This past weekend, I drove three hours to Cleveland, Ohio to see a friend who was visiting from Los Angeles. They showed me around their hometown, introduced me to their friends and family, and read me some of their most recent writing. Despite an otherwise enjoyable few days, I had to consciously keep my anxiety at bay. Of the many conversations that my friend and I had, our discussions about our bodies and gender identity hit a nerve that needed to be hit.
I’ve been experiencing moments of deep sadness recently when I think about everything I’ve put my body through and how that cut me off from my sexuality. I am sure that twenty years of trying and failing to contort it into a shape that I thought would make me more loveable made it difficult for my body to desire anything other than survival. Now on the other side of that self-harm, I am mourning how much time I spent cutting myself off from my body.
Talking to my friend made me realize that in addition to processing two decades of physical, emotional, and spiritual deprivation, I am now longing to change my body in new ways. Which was a confusing if not threatening thing to acknowledge at first. Changing my body has always meant hurting it and that’s not something I plan on doing ever again. Still, there is no denying that I want my queerness to present a certain way physically.
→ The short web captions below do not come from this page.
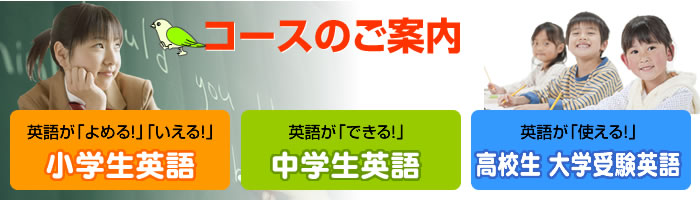 自己表現のためのコア英語 自己表現のためのコア英語 | 教科書／英語 | 朝日出版社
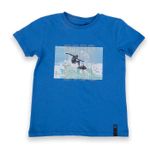 new-product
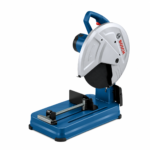 TROCNCONNEUSE GCO 230 BOSCH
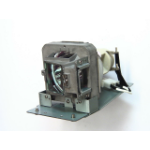 Hypertec 5J.JCM05.001 projector lamp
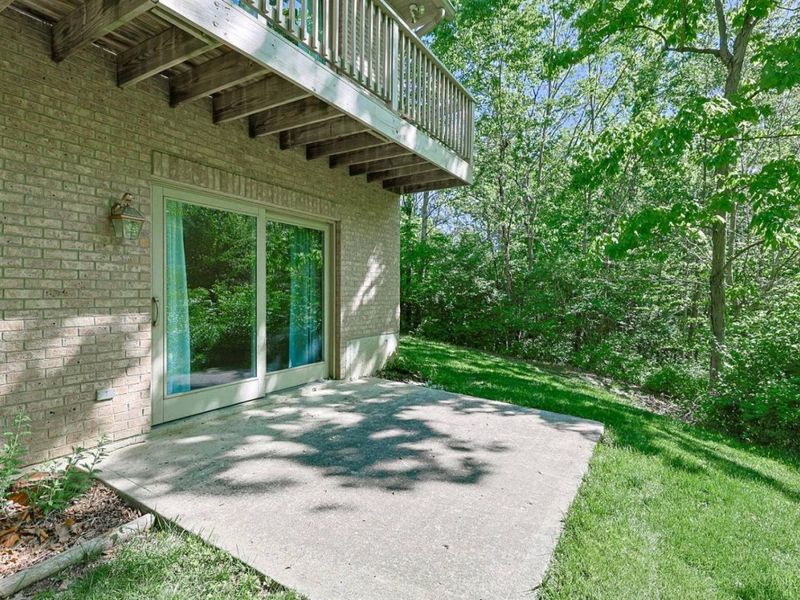 7587 Lake Water Drive, Cincinnati, OH 45242 Photo 52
It came as no surprise to me that I initially pushed aside my longings for a body that reflected this new facet of my being. My mind was quick to remind me that my first priority is maximizing my financial wellbeing and paying off all of my student debt. After a few days of processing my feelings, however, it became clear to me that I don’t need to choose one over the other. In fact, both will benefit from the other getting the attention it needs.
While I have spent years doing work that has included my body, it hasn’t always been a holistic relationship. From teaching yoga to creating textiles to stripping to beekeeping to sailing, the physical labour I’ve done in the past had specific parameters for the demands it put on my body. As a writer and coach, those demands aren’t overtly obvious. Including my body in my work is something I have the choice to do as much or as little as I’d like.
Now, I am thinking about what including my body in my work needs to look and feel like. I am seeking out ways to bring together my longings to change my physique with my need for financial stability and wellbeing. I want this to be a “both/and” process instead of an “either/or” process. And while I am heartbroken that I spent so much time not feeling at home in my body, all I can do is focus on the time I still have to experience corporal belonging.
How are you intentionally including your body in your work?